On another occasion, I asked him how our exertions in the Balkans fit into the larger goals of American foreign policy. Again, he was dismissive of the premise. "Forget the sweep-of-history crap," he said. "Our goal is to end a war." Those last four words became the title of his 1998 book on the peace he, more than anyone, made in Bosnia.
In much the same spirit, Richard refused to associate himself with any of the competing schools in academe or opposing camps among the policy wonks. He cared only about the practice of foreign policy. To him, theory was, almost by definition, suspect. Not that he was averse to bold ideas -- he just didn't want to clutter up the discussion of the present and future with anything that smacked of library stacks or, worse, ideological dogma.
I once made the mistake of invoking Immanuel Kant in support of the enlargement of NATO and the European Union -- a big and controversial idea that Richard had long favored, but not because it would have pleased a professor in Königsberg who had been dead for nearly two hundred years. "Save that guy for some seminar in New Haven," he snapped.
He found most doctrines too neat to be useful in the real world. Worse, disputes over them tended to stoke the polarization of the political environment, undercutting bipartisan support for the necessary degree of consistency in foreign policy from one administration to the next.
Richard's long paper trail of muscular, lucid prose is rich in active verbs and notably free of words that end in ism. To his ear, the suffix connoted abstract concepts that provoked pointless bickering and posed policy options in terms of false dichotomies. For him, pragmatism and idealism, exceptionalism and universalism, patriotism and internationalism were not either/or choices. He believed in all six, but also in the need to reconcile them insofar as possible or to apply them in different ratios, depending on the situation at hand.
The same went for Realpolitik and its putative antonym, Moralpolitik, as manifest in humanitarian intervention, notably in the Balkans. Richard saw hard and soft power as the yin and yang of the American brand. He believed that the U.S. had enough of both kinds of power to defend the weak around the world.

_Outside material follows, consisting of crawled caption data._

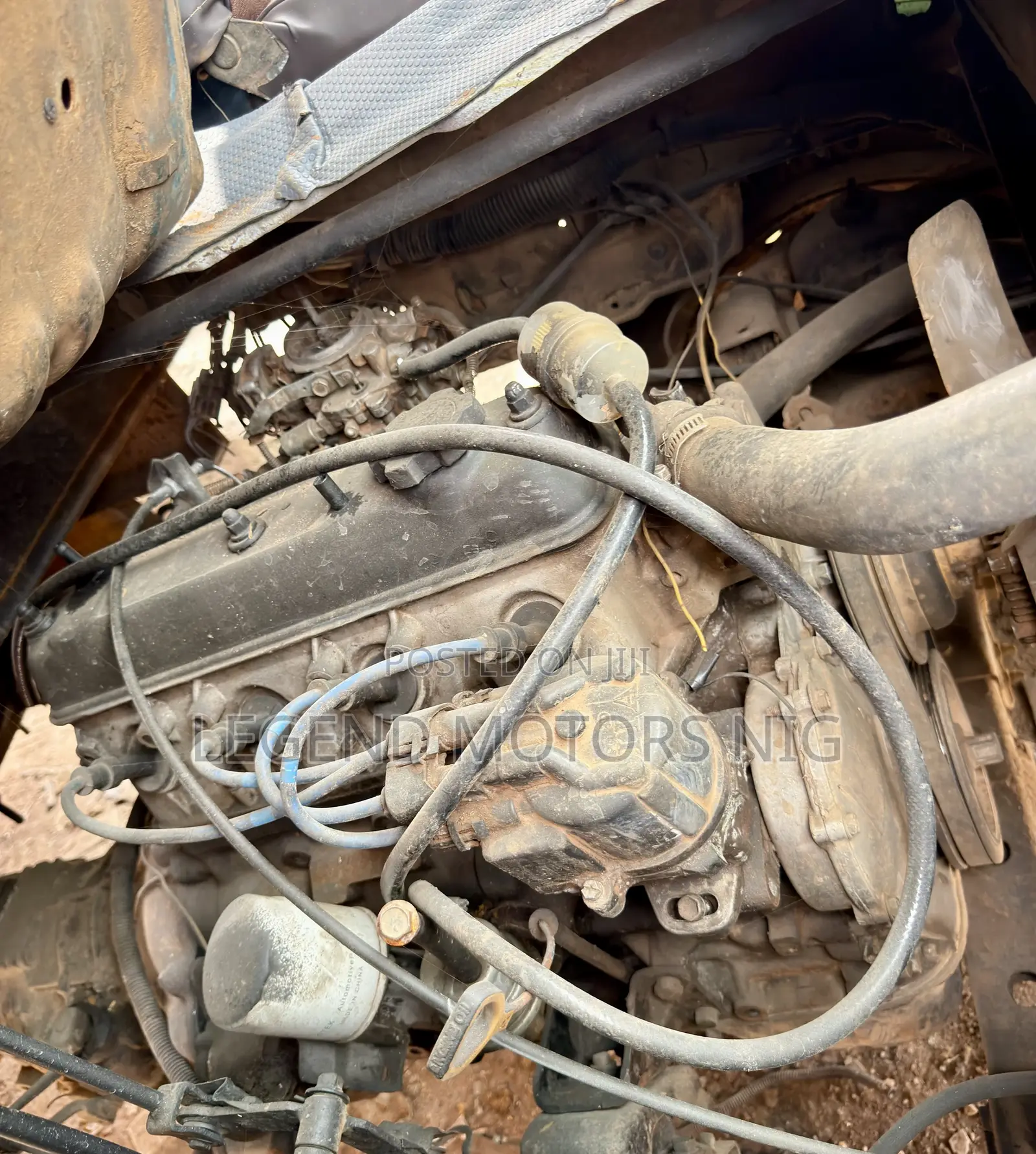Toyota Dyna 100 Direct Hand Petrol Engine Belgium Grade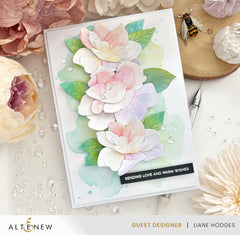 Dies Craft-A-Flower: Gardenia Layering Die Set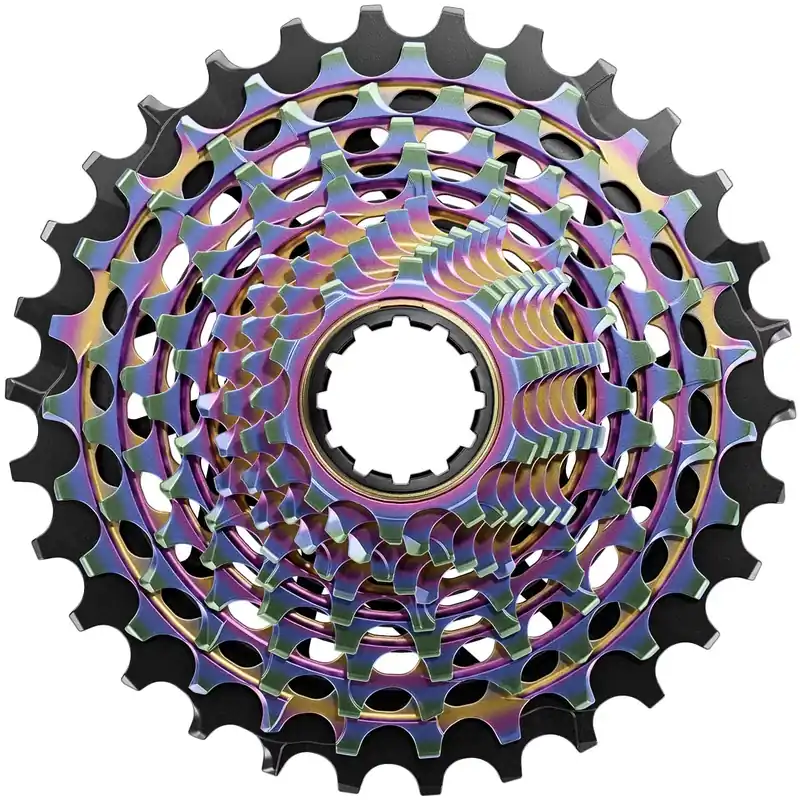 Super-Preis SRAM Kassette Red XG-1290 E1 12-fach bunt 10-11-12-13-14-15-17-19-21-24-27-30 Zähn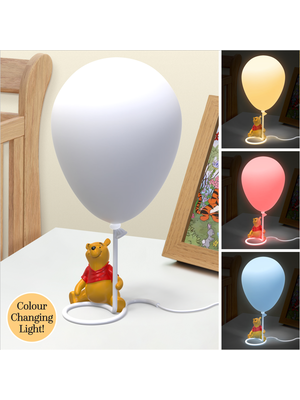 Paladone Disney Winnie The Pooh With Balloon Light 34cm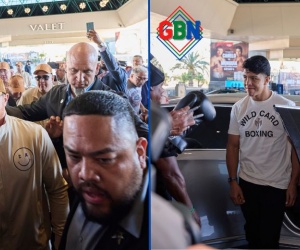 Canelo Álvarez and Jaime Munguía make their grand arrivals in Las Vegas boxrec predictions who wins how why to watch ppv price cost oddschecker bookies odds bets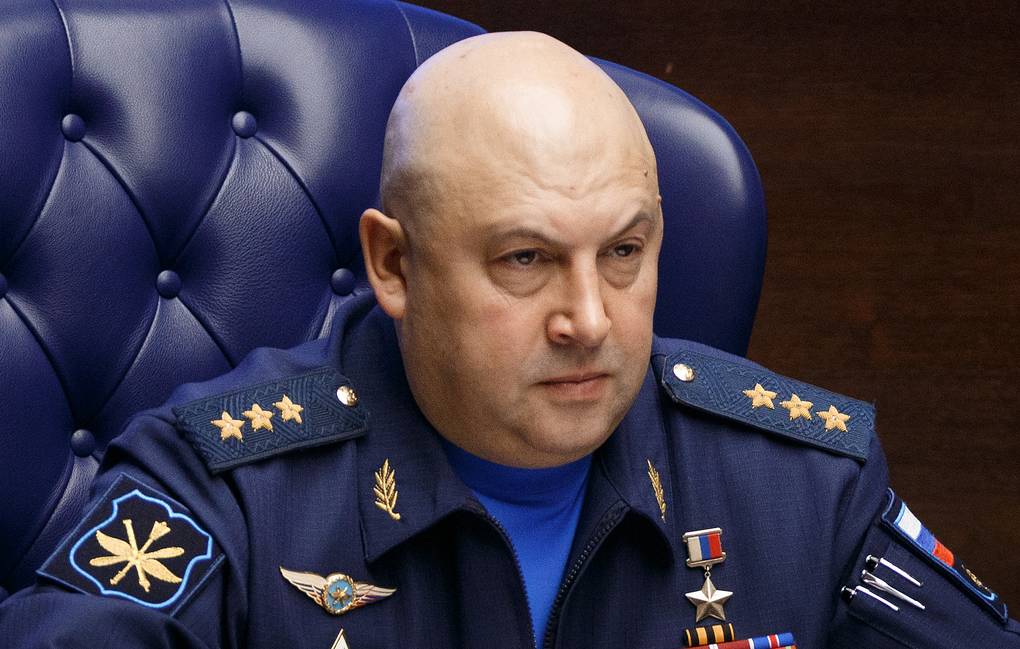 Ông Sergey Surovikin – Tổng Chỉ huy lực lượng Nga ở Ukraine (ảnh: Reuters)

He was also wary of grand strategy -- any grand strategy. "Diplomacy is not like chess," he once told Michael Ignatieff. "It's more like jazz -- a constant improvisation on a theme." As both a student and practitioner of statecraft, he saw master plans as tending to blinker policy makers, causing them to miss or misread indications that their theory of the case is faulty or that circumstances have changed in ways that call for new assumptions, goals, and responses.
Richard's career was bookended by two cautionary tales about precisely that danger. In 1962, the year he entered the Foreign Service, the Kennedy administration had already made containing Soviet and Chinese expansion into Indochina an objective vital to the national interest. As a result, there were already more than 3,000 U.S. military personnel in South Vietnam. The consequence was to propel the U.S. into a quagmire, which led to the downfall of JFK's successor, Lyndon Johnson. Almost 40 years later, with the Cold War over, no hostile superpower to contain, and 9/11 confronting the U.S. with a new enemy, George W. Bush declared an open-ended "global war on terror." It began with the deceptively easy eviction of the Taliban regime in Kabul. Seven years and 800 U.S. and coalition casualties later, Richard, as a private citizen, wrote in his column for the Washington Post that the conflict in Afghanistan was likely to exceed the Vietnam misadventure as the longest war in American history.